His death was not a silent one. He moaned for days, though the nurses assured me he was feeling no pain, that he was sighing, that it was a common reaction for those who were dying. I remember standing there, exactly one year ago tonight, listening to him, worrying that he was suffering, and then one of his “sighs” became lyrical, almost like a note from a song, and I knew he was telling me he was all right.
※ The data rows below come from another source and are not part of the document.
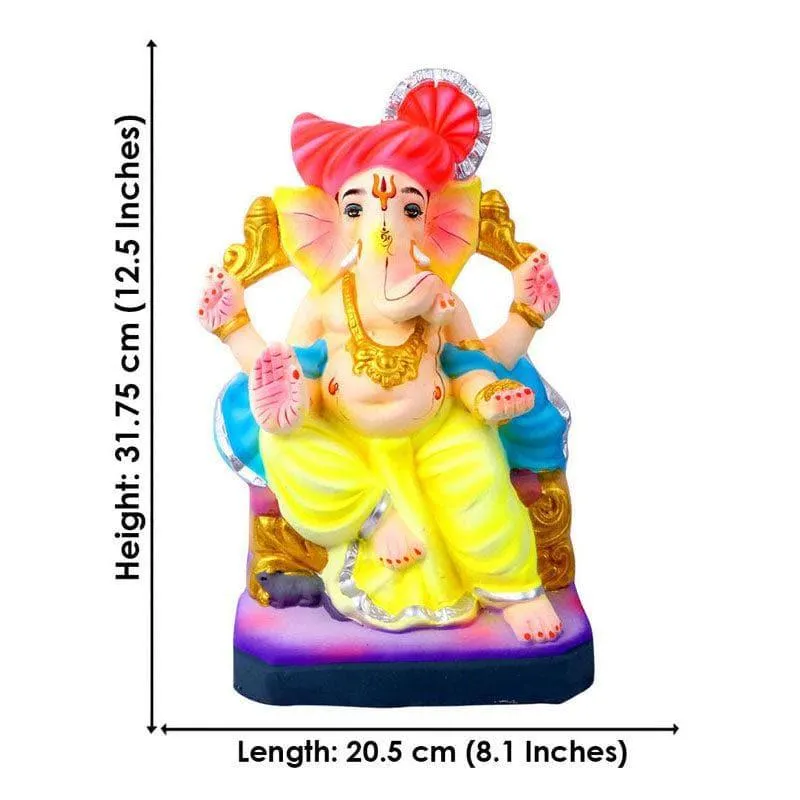 Divine Clay Ganapati Idol media 4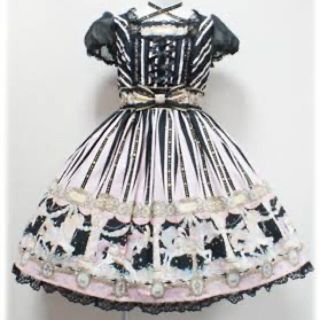 アンジェリックプリティー(Angelic Pretty)のAngelic Pretty Day Dream Carnival OP 黒(ひざ丈ワンピース)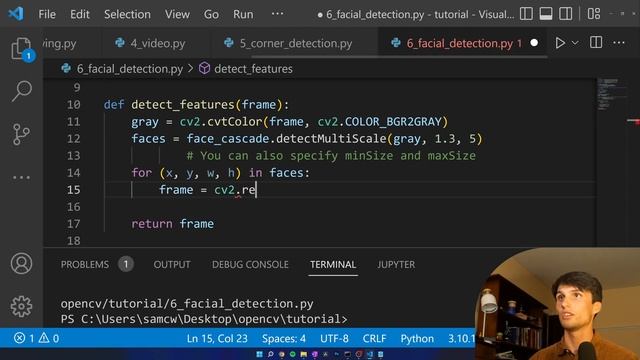 Detect Faces with OpenCV for Python - Beginners Tutorial #6 смотреть онлайн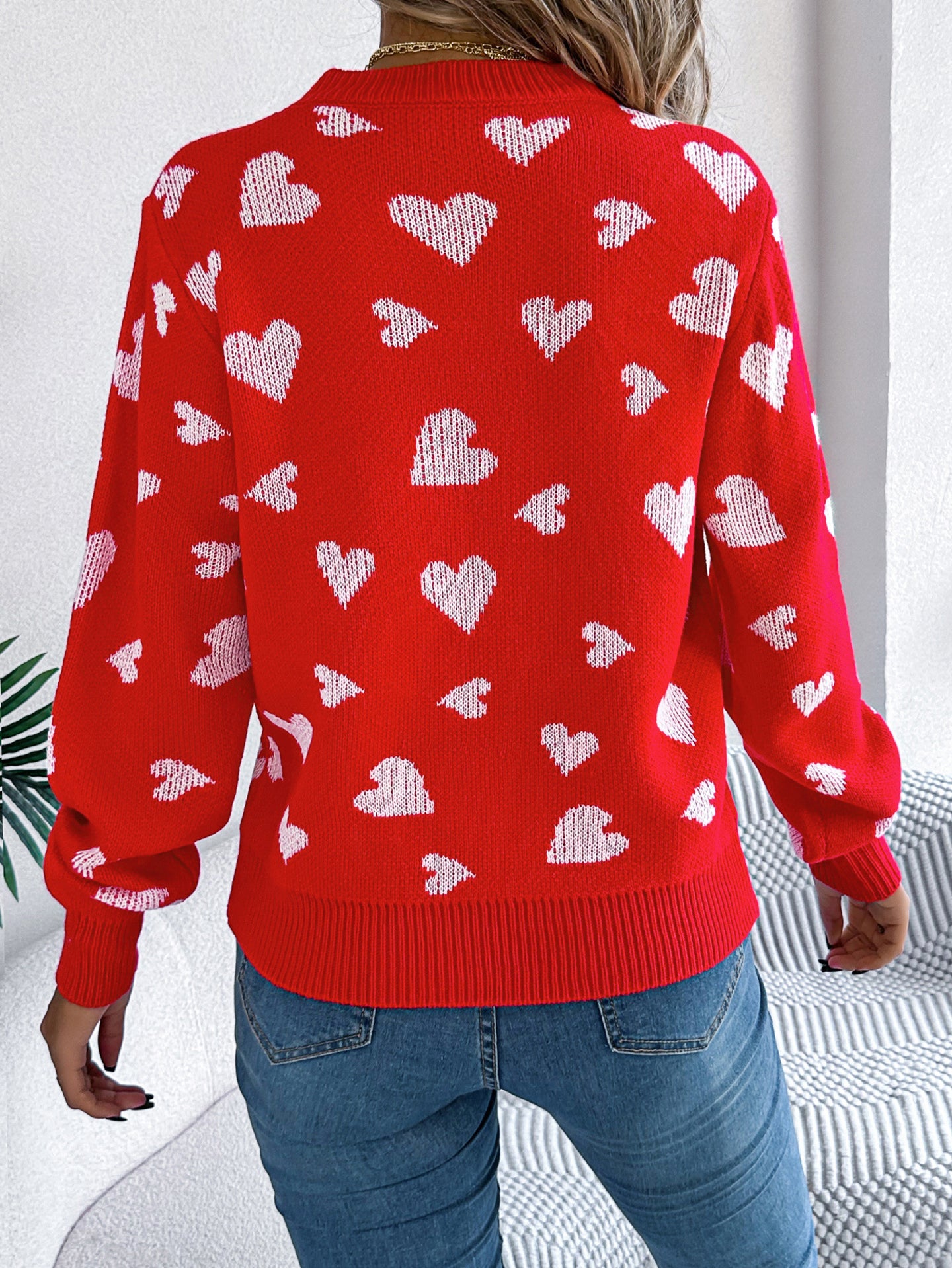 Women Printed Pullover Sweater
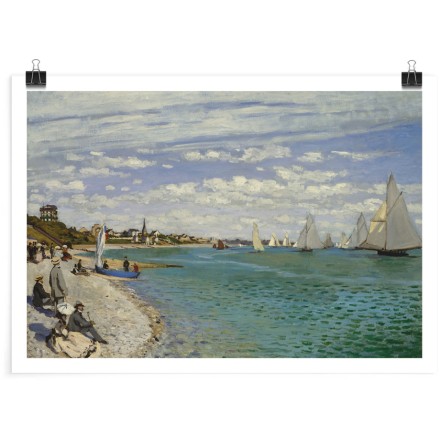 Regatta at Sainte-Adresse (1) Πόστερ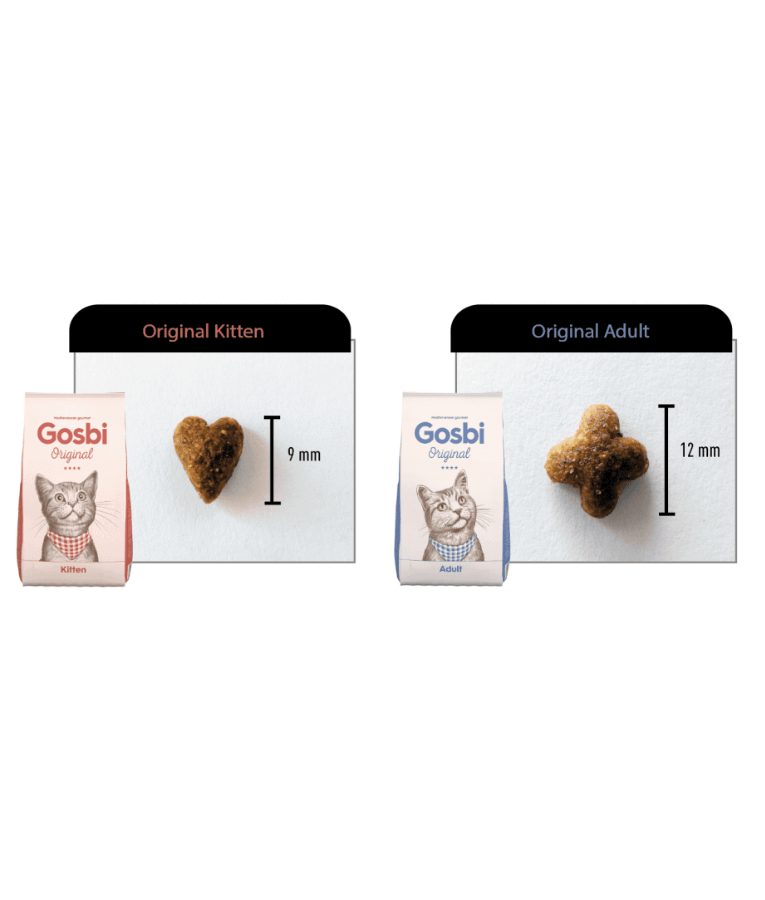 Gosbi - Original, Chicken, Salmon, and Tuna Kitten Dry Cat Food – Growth Formula 1kg-3kg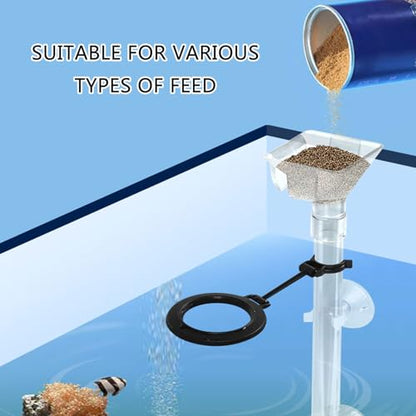 Feeder Acrylic Shrimp Feeders Tube Dish Set Highly Transparents Acrylic Aquariums Feeders for Home Aquariums - size: 135-245mm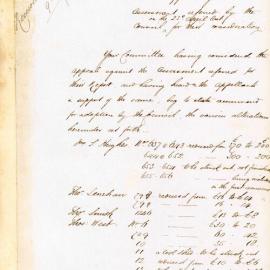 Report on appeals against the assessment of certain properties, Cook Ward, 1849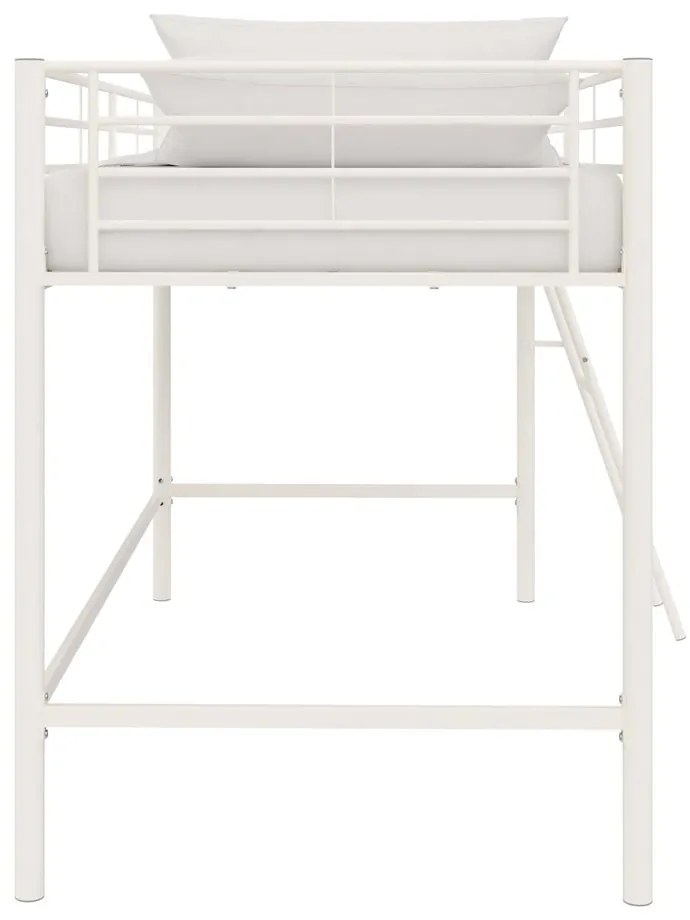 Pat pentru copii alb înalt 90x200 cm Jodie – Støraa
I keep listening for some sound, looking for some sign that he is okay, but today all I hear is silence.

Grief: Counting Down to the First Anniversary

In three days it will be a year since the death of my life mate — my soul mate. I’ve been counting down the days with tears. I would have thought I’d have finished my weeping months ago, and for the most part I have, but here it comes again. I’ve been keeping busy, not wanting to drown in sorrow. In fact, I’ll be leaving in a few minutes to have lunch with friends. Like me, they lost their mates, and so their presence is a comfort. We’ll laugh and talk, and that will keep the tears at bay, but when I get back to the house, I’ll probably be sad again. And that’s okay. I’m finding that now, after a wave of intense grief, there is a backwash of peace.

The anniversary itself was supposed to have been a good day for me, not a celebration so much as an acknowledgement that I survived the year. And perhaps it will be a good day despite the upsurge in sorrow. My latest book, Light Bringer — the last one he helped me research and edit, the last one I read to him as I was writing it — will be published on his death day as a memorial to him (though the book itself won’t be available for another week or so). The book is his epitaph, his tombstone, the final resting place for our joint efforts. (There is one more book he influenced, but that book is only half finished, and I haven’t had the heart to work on it.)

During all this year, I haven’t been able to eat the foods we fixed together (with the exception of salads. Those I still can eat, though why, I don’t know since salads were a major component of our meals). So I thought a good sign of my healing would be to fix one of those meals I haven’t been able to eat. Today I am going to get the ingredients for his chili, and on the anniversary, I will cook a batch in his honor. I will probably watch a movie that he taped for us, which is what we always did on special occasions.

He would have enjoyed such a day. I wish with everything I have that he were here, but of course, if he were here, there would be no such anniversary to endure, to acknowledge, yes, even to celebrate.